While Adenovirus required tyrosine kinase to infect the cells without it by disrupting the cap-initiation complex known as the tripartite leader. It disrupts the process via ribosome shunting, in tyrosine phosphorylation. There are two key sites for the binding of the ribosome. In translating viral mRNA and suppressing the translation while being capped by ribosome shunting process.

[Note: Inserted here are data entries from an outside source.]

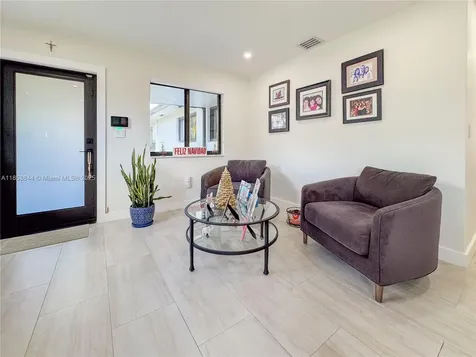 3064 SW 16th Terrace Miami FL 33145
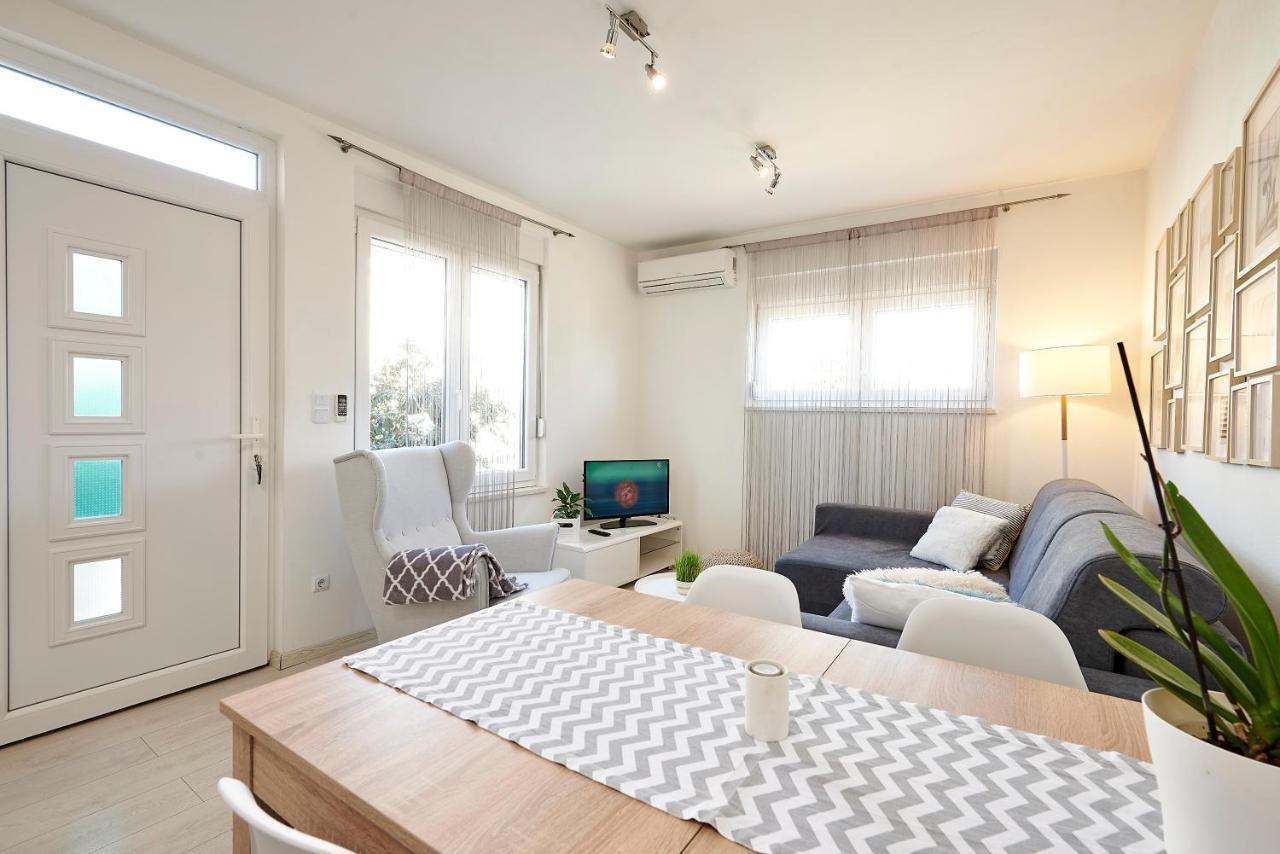 Apartmani Sara I Klara Trogir Eksteriør bilde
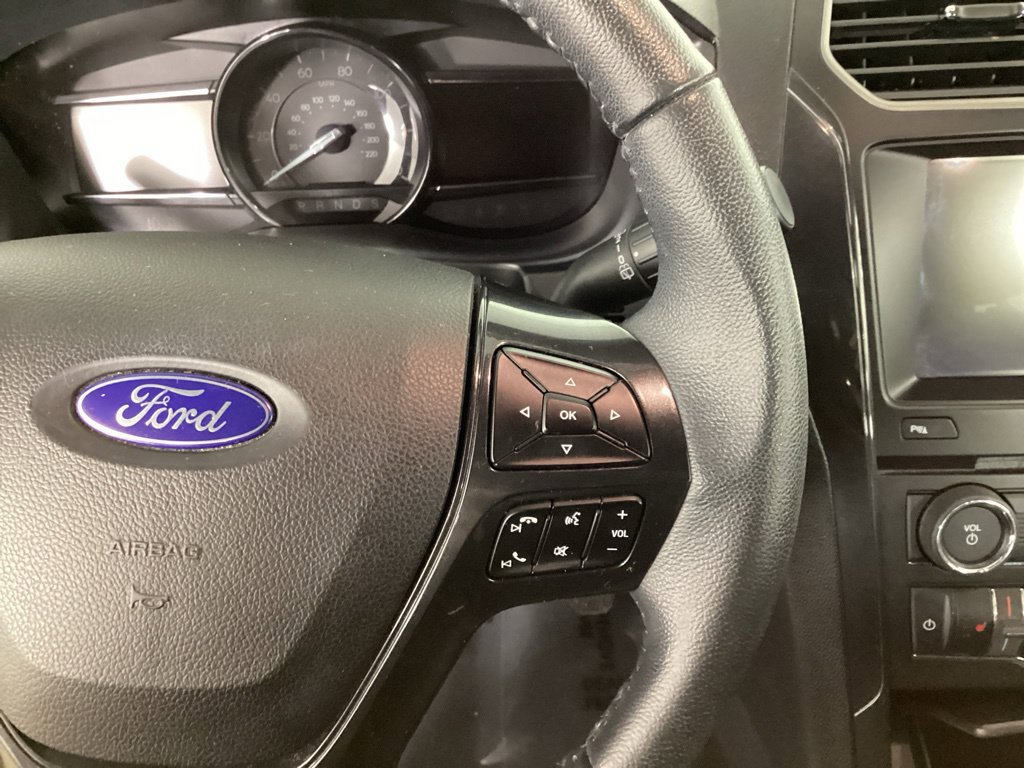 Certified 2018 Ford Explorer XLT w/ Equipment Group 202A AWD/4WD image 15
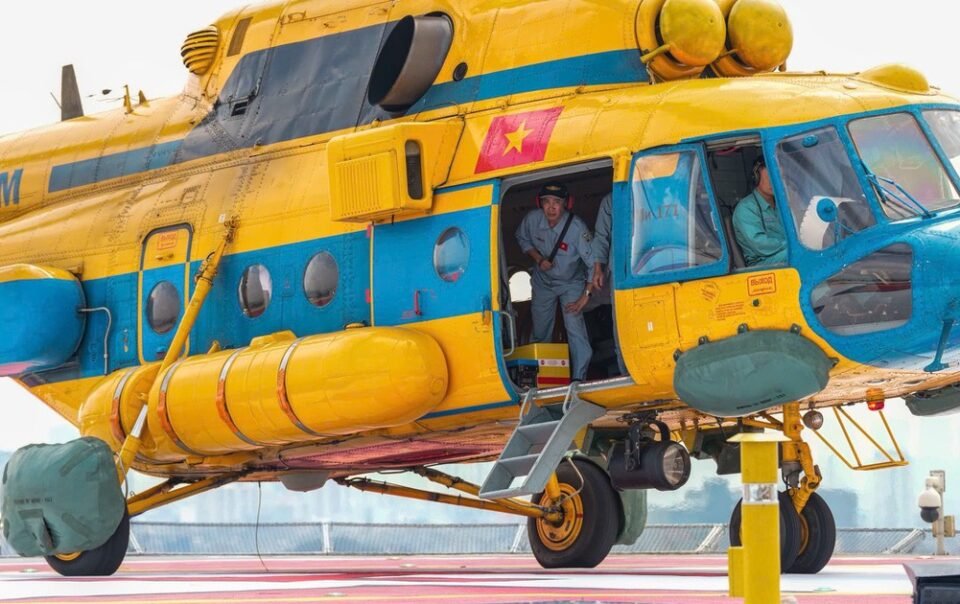 bo-quoc-phong-dieu-may-bay-truc-thang-cuu-tro-vung-lu-khanh-hoa,-phu-yen-cu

In the case of adenovirus late mRNA and hsp70 mRNA, instead of recognition of stop codon of first short ORF, pausing of translation is caused by scanning ribosome with three conserved sequences that are complementary to the 3’ hairpin of 18S ribosomal RNA. The mechanism for ribosome shunt involves the larger subunit binding upstream of the start codon. The polymerase is then able to leapfrog using protein binding and a power stroke to bypass the start codon on the coding mRNA. The tripate is then inserted into the parent strand to create a new binding site for further replication.